Museum der Dinge is exhibiting these often completely unknown artistic interpretations of casing interiors by Matias Bechtold in its collections, in order to provoke a different perspective on the parts that belong to technical devices.

At the least for most analog-based devices and machines that we use in our daily domestic lives, it’s typical that most are specialized to have a particular function that can be recognized at a glance. But how they perform these functions: the kind of technology inside them, how it is created and how it looks, all usually are not apparent through its exterior but rather when they are opened, which often in the process damages or even destroys them. As such, interest in the interior of devices and machines and how they’re in fact made is usually nominal. This is not dissimilar to the often highly complex packaging that we use to transport and store our food.

This different perspective through which Matias Bechtold views out world is essentially a displacement of scale.

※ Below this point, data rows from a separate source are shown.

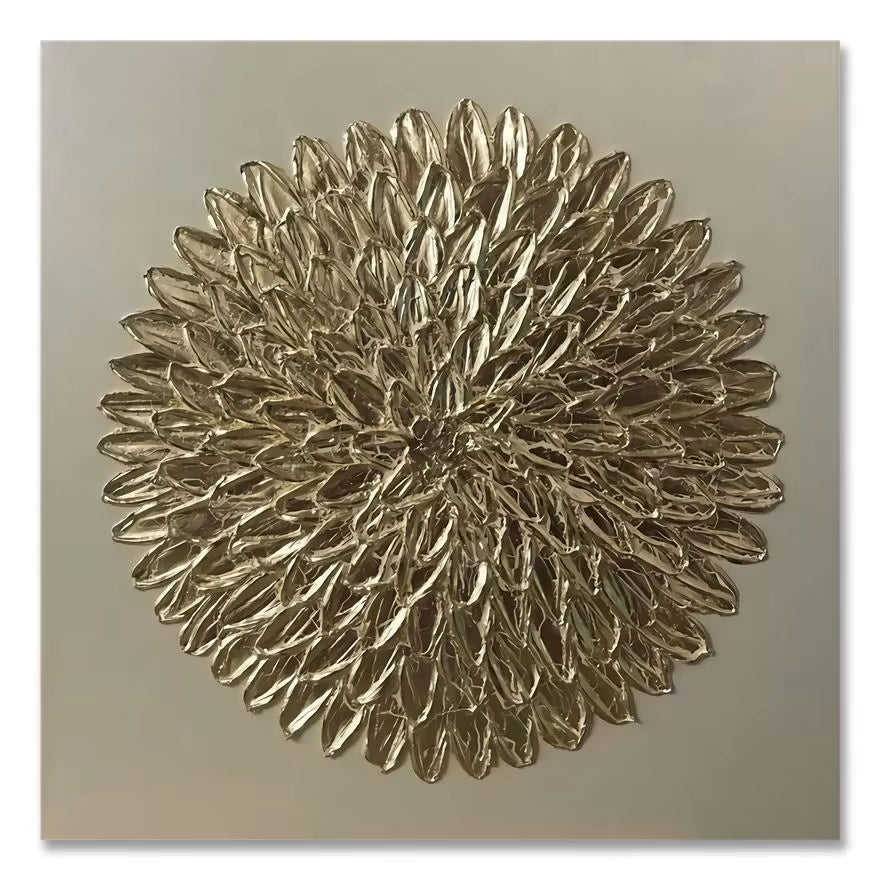 Scandinavian Classic Wall Art Golden Luxury Lips Leaves HD Canvas Poster Oil Painting Print Home Bedroom Living Room Decoration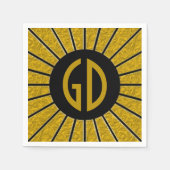 RAYS BUTTON gold + Foto, Text, Monogramm Serviette (Vorderseite)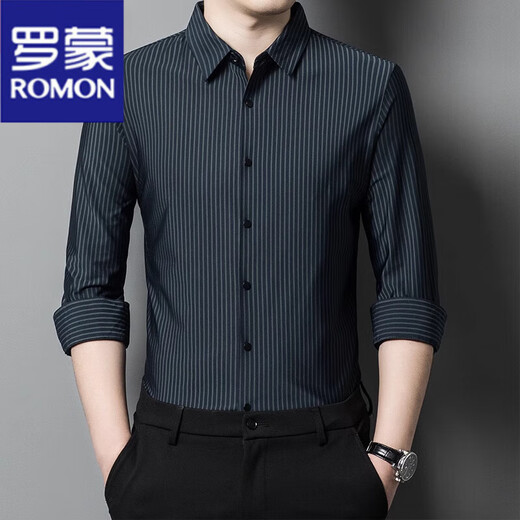 ROMON mulberry silk long-sleeved shirt men's spring and autumn new elastic non-iron striped middle-aged business casual shirt men's Haqing long-sleeved shirt XL 175/41 135-150Jin Jin equals 0.5 kg wear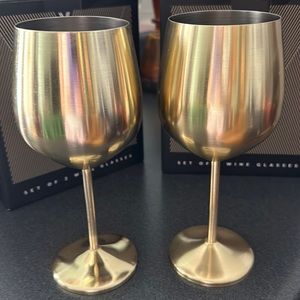 2 "Love Is Blind" Gold Wine Goblets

For him, small can effortlessly become large: For Bechtold, the true dimensions of a thing, be it a vacuum cleaner or a skyscraper, play a secondary role. He instead perceives the structural relationships of their form and design – and can as such transform a stack of empty cookie packaging into a dense and sophisticated glass skyscraper, which we can easily inhabit with our imaginations.

The development of the seemingly playfully created parallel worlds is in fact the basis for Matias Bechtolds highly technical skills, which makes it possible for him develop imaginings from whatever is available or to give it a new meaning through additions and adjustments. What’s most striking is his workmanlike ability to seamlessly connect pieces from high-end technology and as such connect the various spheres of reality. This is especially apparent in the objects, in which Bechtold adapts functioning television sets to confront his fictitious worlds with the fictions of our everyday life.

Matias Bechtold lives and works as an artist and model maker in Berlin.